SOURCE RECORDS:

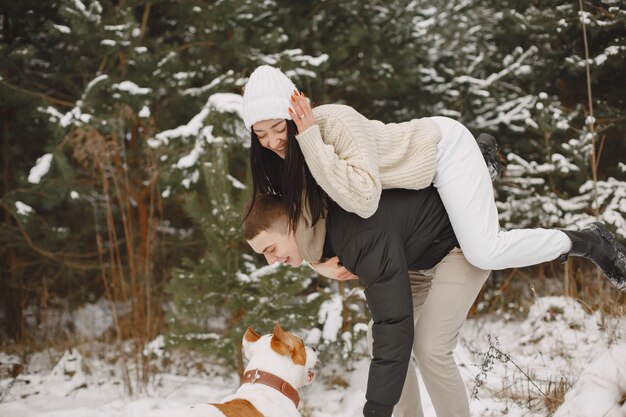 犬と雪の森でカップルのライフスタイルショット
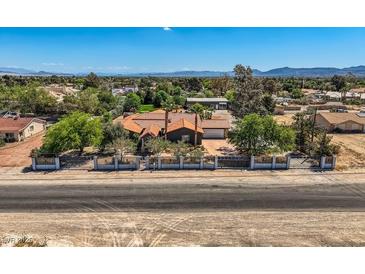 Charming single-story home with a lush landscaped front yard and wrought iron fence at 7760 Haven St, Las Vegas, NV 89123
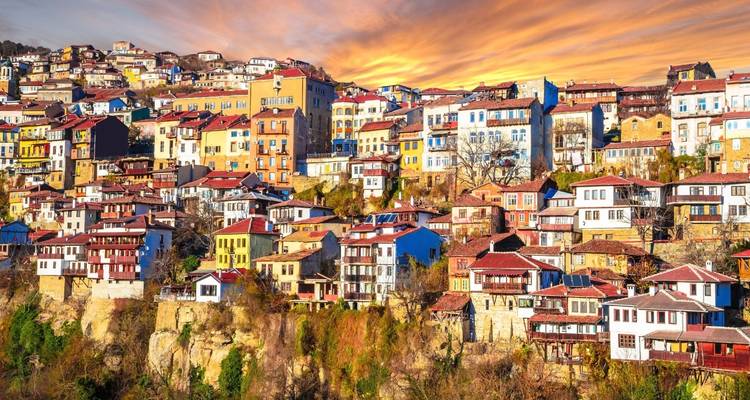 Gouden zonsondergang schildert de gelaagde huizen tegen de rotswand van Veliko Tarnovo in warm licht
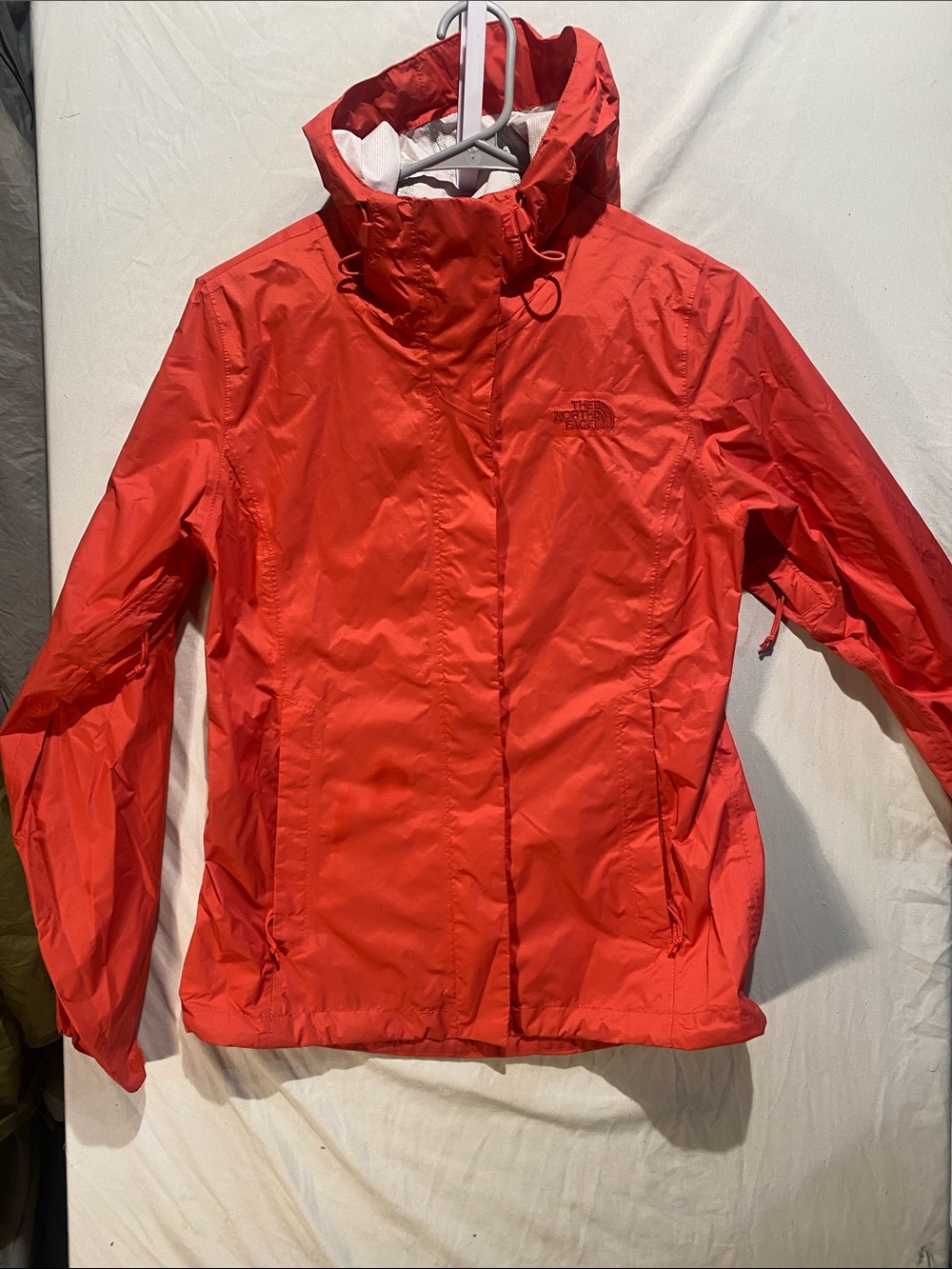 The North Face Women's coral color Hooded rain Jacket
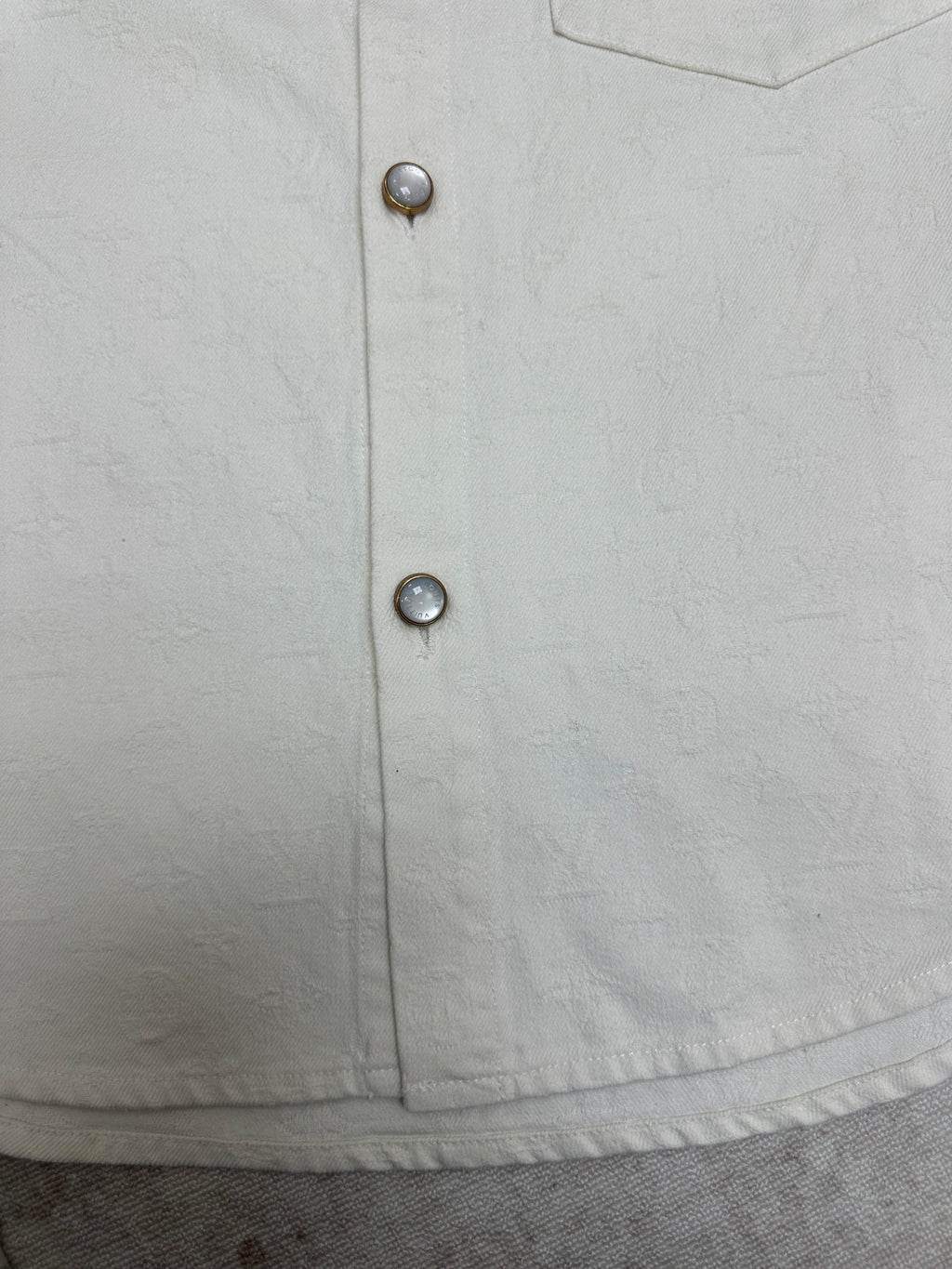 White button-up shirt front with two metal buttons on placket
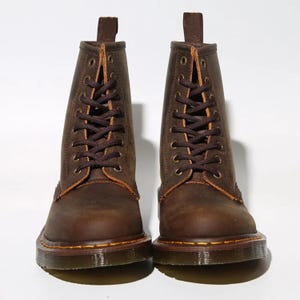 May include: A pair of brown leather boots with a lace-up design. The boots have a rugged, worn appearance, with visible stitching and a sturdy sole. The boots have a pull tab at the top and are set against a white background.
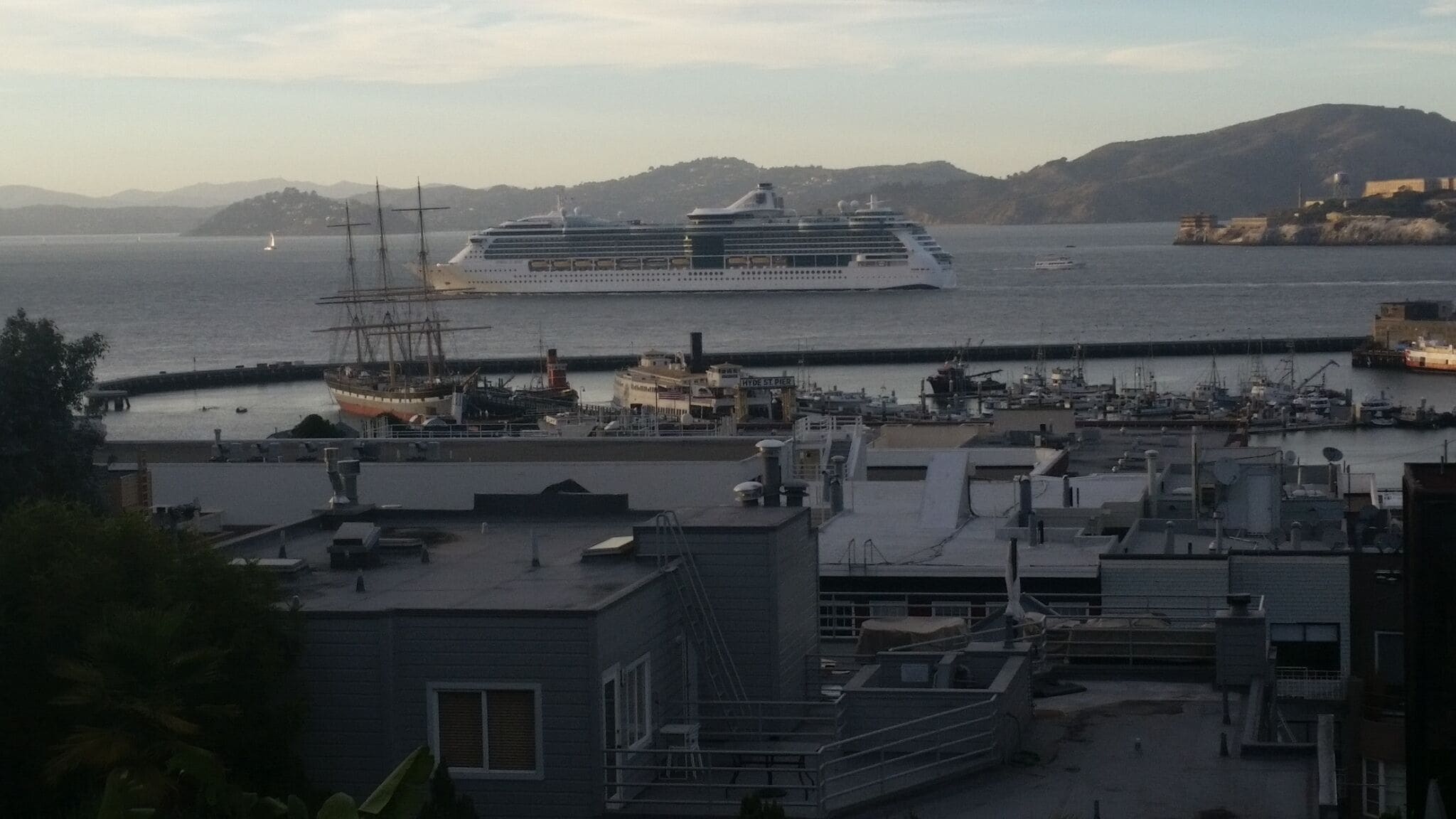 A cruise ship docked at a port with a marina and buildings in the foreground.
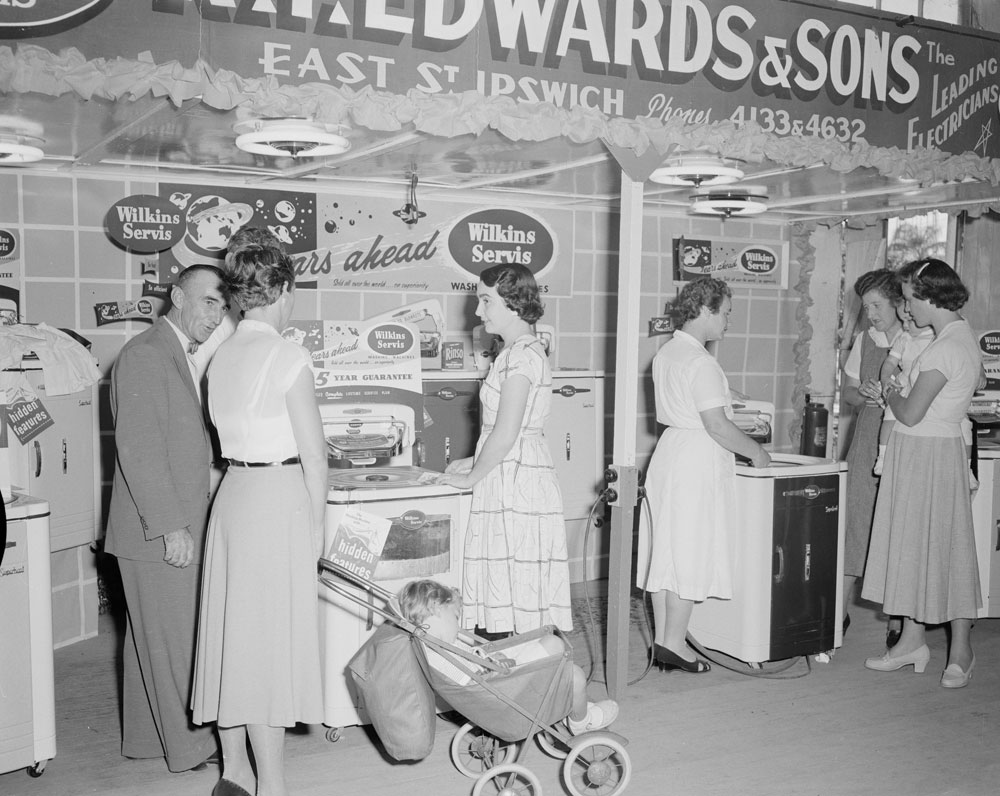 Staff and Show-goers at  the R T Edwards &amp; Sons washing machine display, Ipswich Show, Ipswich, 1958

ASSIGNMENT: Write out, please, the lines of the listing above from the one with "May include: A" through the very last, exactly as given and with no pictures.

YOUR SOLUTION:
 May include: A pair of brown leather boots with a lace-up design. The boots have a rugged, worn appearance, with visible stitching and a sturdy sole. The boots have a pull tab at the top and are set against a white background.
 A cruise ship docked at a port with a marina and buildings in the foreground.
 Staff and Show-goers at  the R T Edwards &amp; Sons washing machine display, Ipswich Show, Ipswich, 1958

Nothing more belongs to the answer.